Mr Howard’s colleague and wife, Teresa O’Brien, said that faith in the system had been lost because current environmental laws did not have the capacity to properly prosecute.
“It’s less about the politicians or even the parties … it’s like a policeman saying not to speed but knowing he can’t stop you,” Ms O’Brien said.
In 2016, the group supported the Victorian National Parks Association in taking action against the State Government allowing racehorses to be trained on beaches on the Belfast Coastal Reserve.
Eugene von Guerard’s Tower Hill 1855, National Gallery of Victoria
At one point, up to 260 racehorses could be trained per day on these beaches.
The Environmental Justice Association wrote on behalf of the parks association saying it was unlawful under the Crown Land Act 1978 but said the response from the government was that the Act was “flexible enough to include horses use on the beach”.
Although the reserve group and the parks association were successful in getting racehorses off the beaches, Mr Howard said it illustrated the kind of rule-bending that was being allowed.
Mr Howard said he believed the consequences of not acting on Victoria’s ecological decline would be disastrous.
“We are on track to deliver our children and grandchildren a hell on earth,” he said. “It’s about being able to live and survive.”
But Mr Howard also offered a road map to regrowth.
Tower Hill in 1961 – the year a major revegetation program began. Picture taken from BCRAG’s submission to the ecosystems inquiry.
He talked about Tower Hill, Australia’s first gazetted national park in 1892, and shared images of the park.
The first was an painting by Eugene Von Guerard in 1855, which depicts a landscape with flourishing bushland.
“By the 1950s it was so … diminished through commercialised activities … the native vegetation was gone,” he said, showing a 1961 photo of Tower Hill.
Von Guerard’s painting was later studied by botanists, who devised a plan to revegetate Tower Hill and enlist the help of school children to plant trees all throughout the park.
“I was one of those children,” Mr Howard said.

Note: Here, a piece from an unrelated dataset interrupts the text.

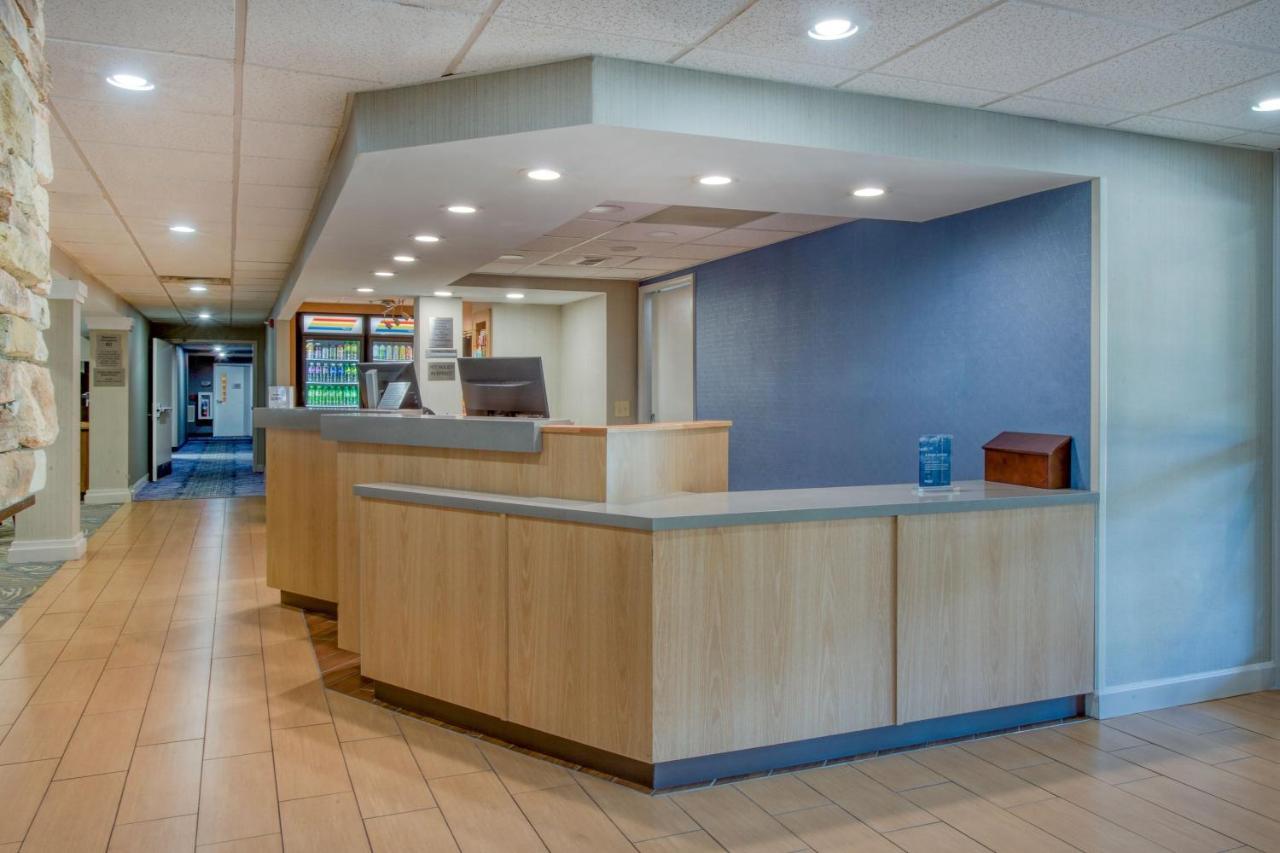 Fairfield Inn & Suites Raleigh Crabtree Valley Екстер'єр фото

We now walk under a forest of our own making in a restored landscape. Not as it was or perfect but significantly restored.
The power of people and willingness of the community is something Mr Howard and Ms O’Brien emphasised to the committee, suggesting a tree-planting workforce as a key action to combat ecological damage.
Tower Hill, after extensive remediation works. Image taken from BCRAG’s inquiry submission.
Ms O’Brien said this couldn’t happen without help from the government – and not just financial assistance.
“[We need] legislation, education, communication and funding,” she said
“We will do the work, but we need help, let’s make this a success.”
Mr Howard finished with another quote from E. O. Wilson, one that spoke of both despair and hope.
“ ‘It is an especially dangerous delusion if we see emigration into space as a solution to be taken when we have used up this planet …. Earth, by the 22nd century, can be turned, if we so wish, into a permanent paradise for human beings’.”